A new benchmark designed to look like real knowledge work has produced a deflating number: the best AI model tested finishes only 3 percent of its tasks fully correctly. The benchmark, AA-Briefcase, comes from the analysis firm Artificial Analysis, and the top performer on it was Anthropic's Claude Fable 5, which managed that 3 percent full-completion rate.
What makes the benchmark hard is how lifelike its mess is. Its 91 tasks are built from thousands of fragmented source files, Slack threads, emails, meeting transcripts, and data exports, and they simulate multi-week projects where the relevant information is scattered rather than handed over cleanly. On 31 of the 91 tasks, no model exceeded 50 percent. The scoring is strict by design: a task is only counted as solved if every criterion is met, which is closer to how a manager would judge finished work than to partial-credit benchmarks.

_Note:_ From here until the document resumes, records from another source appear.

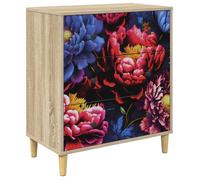 Elégance - Chic Buffet moderne salon-séjour - Commode KIEL Imprimé de pivoine sombre - 66x36 5x75cm - Sonoma_0720207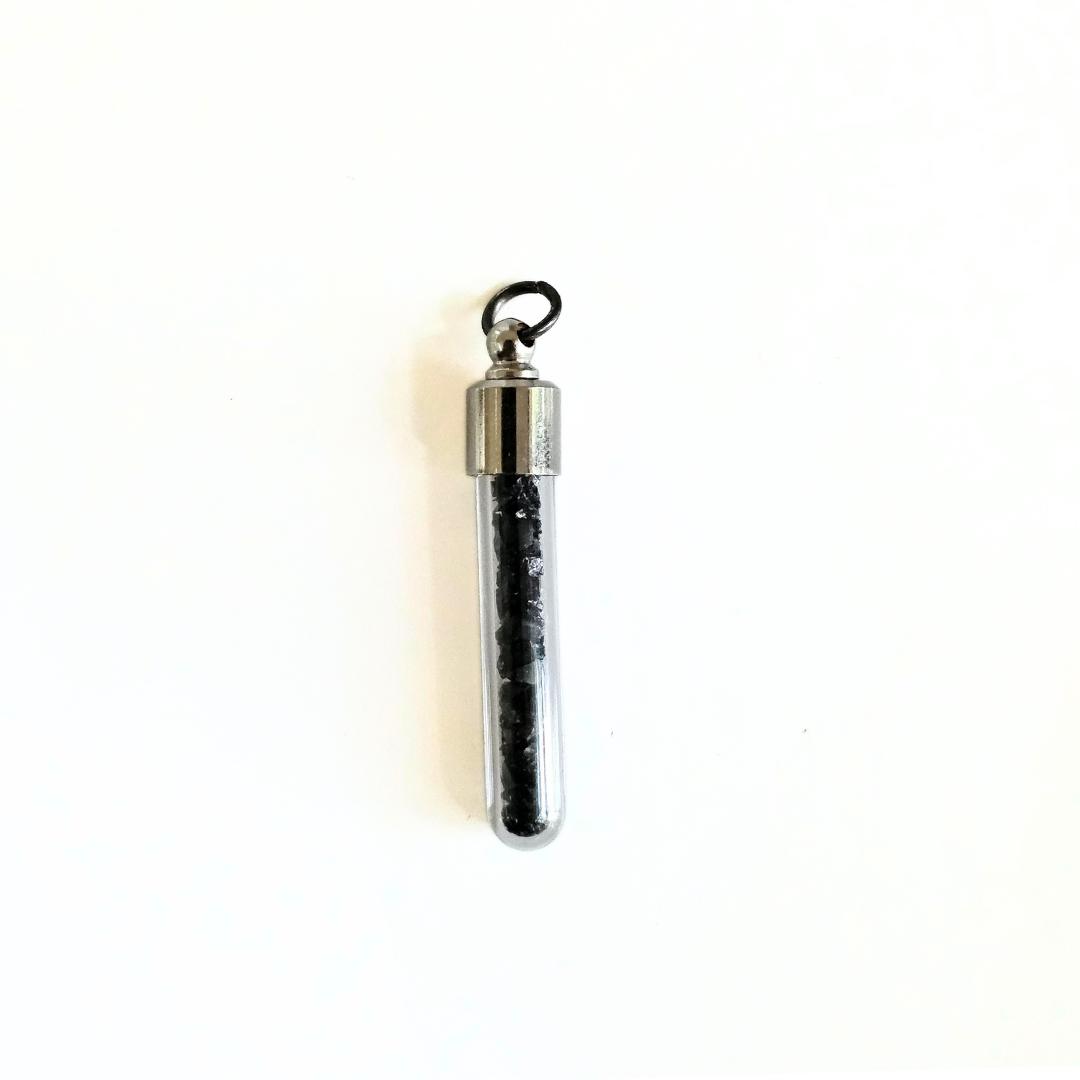 Black Tourmaline Chips Glass Vial Pendant – Grounding, Protection & Energy Shielding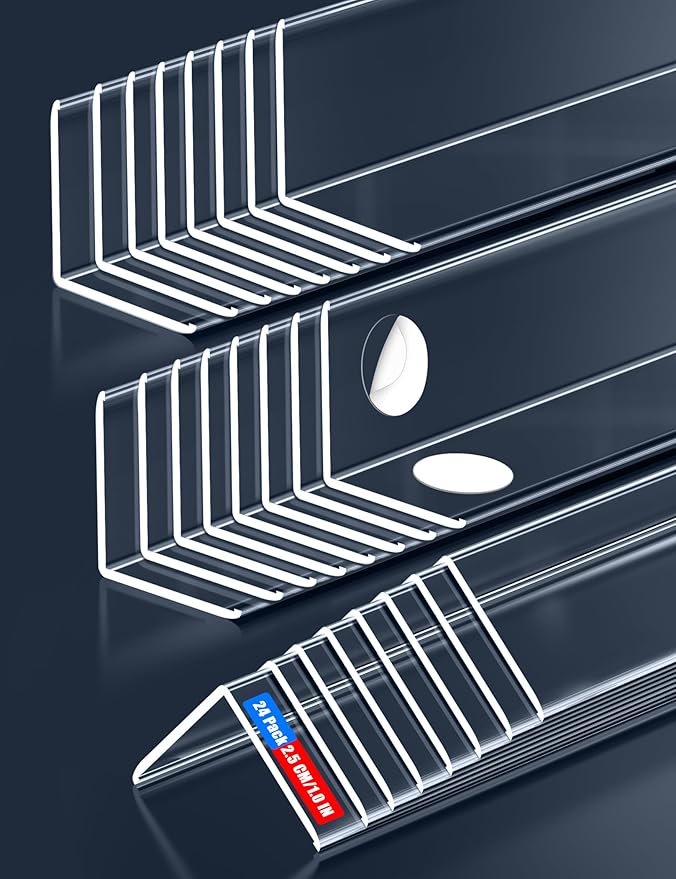 Clear Corner Protectors –Self-Adhesive Baby Proofing Safety Bumpers for Walls, Furniture, Cabinets & Desks – Freely Spliced to Meet Your Needs(24PCS, 2.5x40.6cm/1.0x16in)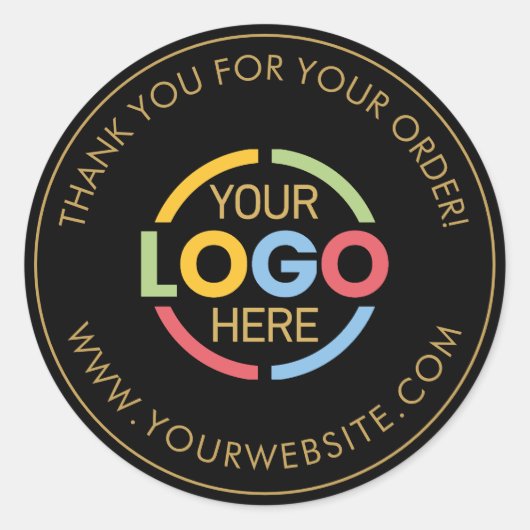 Modern Black Gold Custom Busines Logo Promotional ラウンドシール (正面)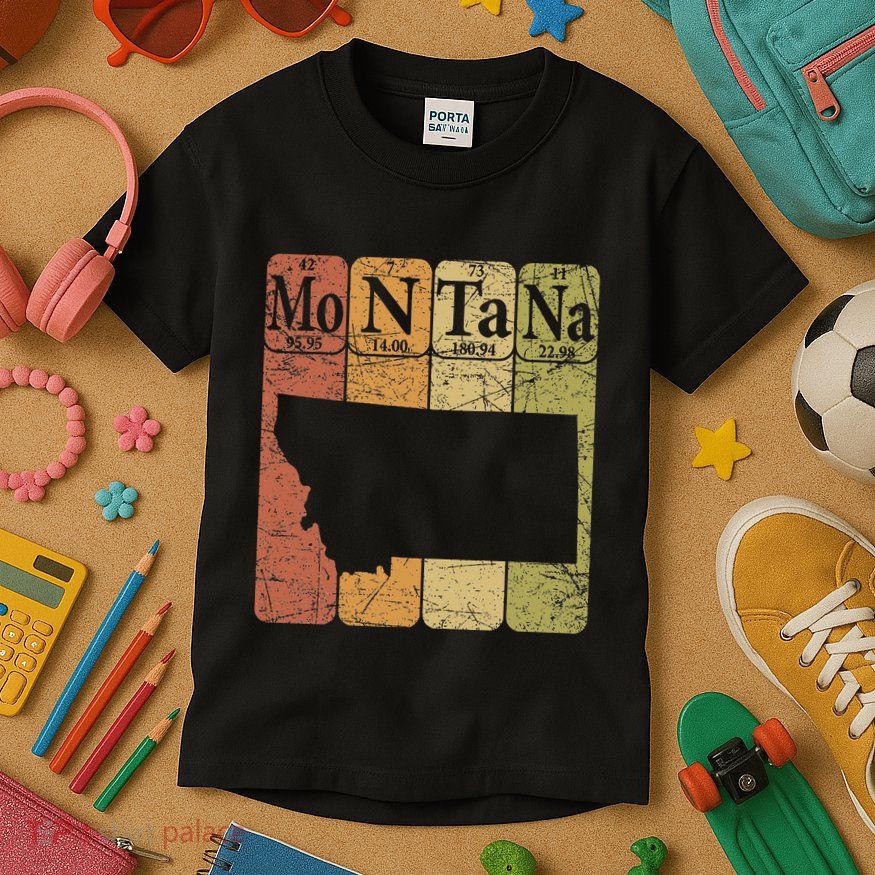 Montana Periodic Table Elements State Of Montana Map Kids T-Shirt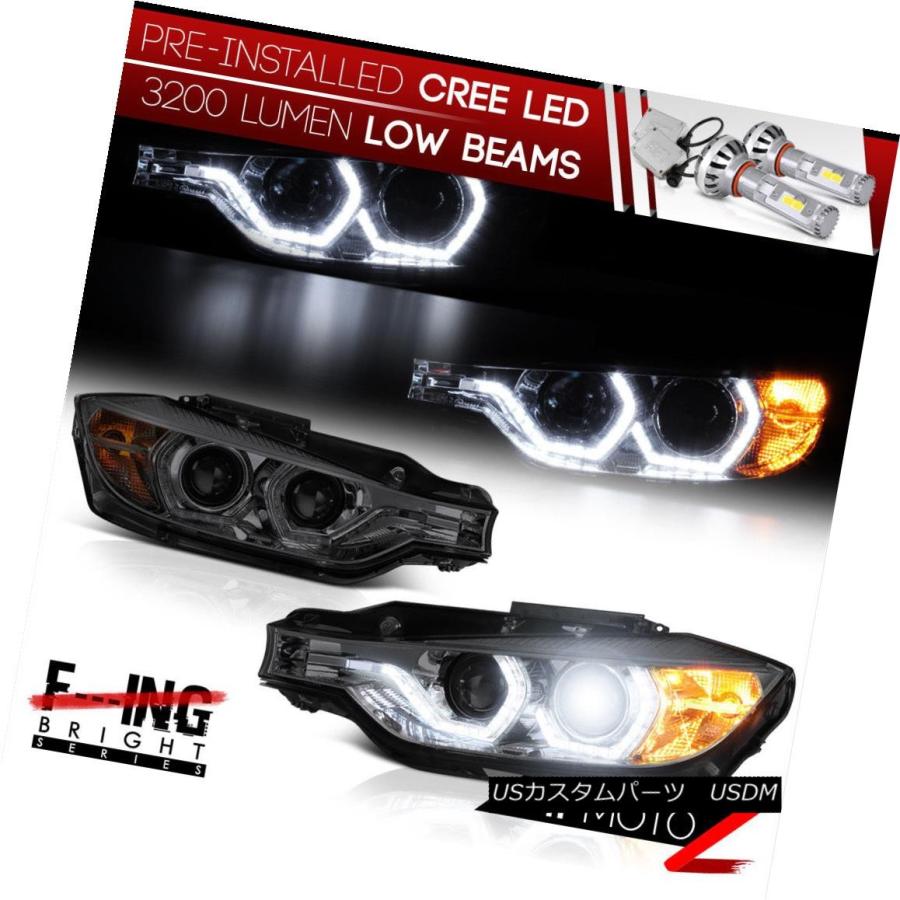 ヘッドライト [クリー低ビーム球根] 12-15 BMW F30スモークティントデュアルプロジェクターLED DRLヘッドライト [CREE Low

The failure modes differ by how strong the model is. Weaker models tend to miss relevant files entirely or produce output nobody could use. Stronger models do the obvious part of the job but overlook the subtle, multi-source details that the full task depends on, which is why even the leader lands at 3 percent rather than something comfortable. Cost did not rescue performance either: spending ranged about 800-fold, from roughly 4 cents to more than 31 dollars per task, without a matching jump in results.

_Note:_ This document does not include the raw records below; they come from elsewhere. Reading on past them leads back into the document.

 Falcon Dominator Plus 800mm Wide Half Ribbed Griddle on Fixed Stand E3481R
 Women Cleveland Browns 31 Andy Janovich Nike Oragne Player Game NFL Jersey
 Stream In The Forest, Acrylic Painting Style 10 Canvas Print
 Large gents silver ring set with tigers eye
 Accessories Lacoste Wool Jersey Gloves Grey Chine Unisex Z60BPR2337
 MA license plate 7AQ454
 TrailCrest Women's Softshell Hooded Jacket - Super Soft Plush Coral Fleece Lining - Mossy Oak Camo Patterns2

The point is not that AI is useless at knowledge work, because these same models clearly help with pieces of it every day. The point is the gap between the benchmarks models ace and the real, long-horizon, detail-exacting work they still cannot finish unsupervised. It fits a run of recent results, from a life-sciences benchmark the best model cleared only about a third of the time to surveys of stalled enterprise AI projects, that all point the same way. A 3 percent top score is a healthier signal than another saturated leaderboard, because it measures the part that is actually hard.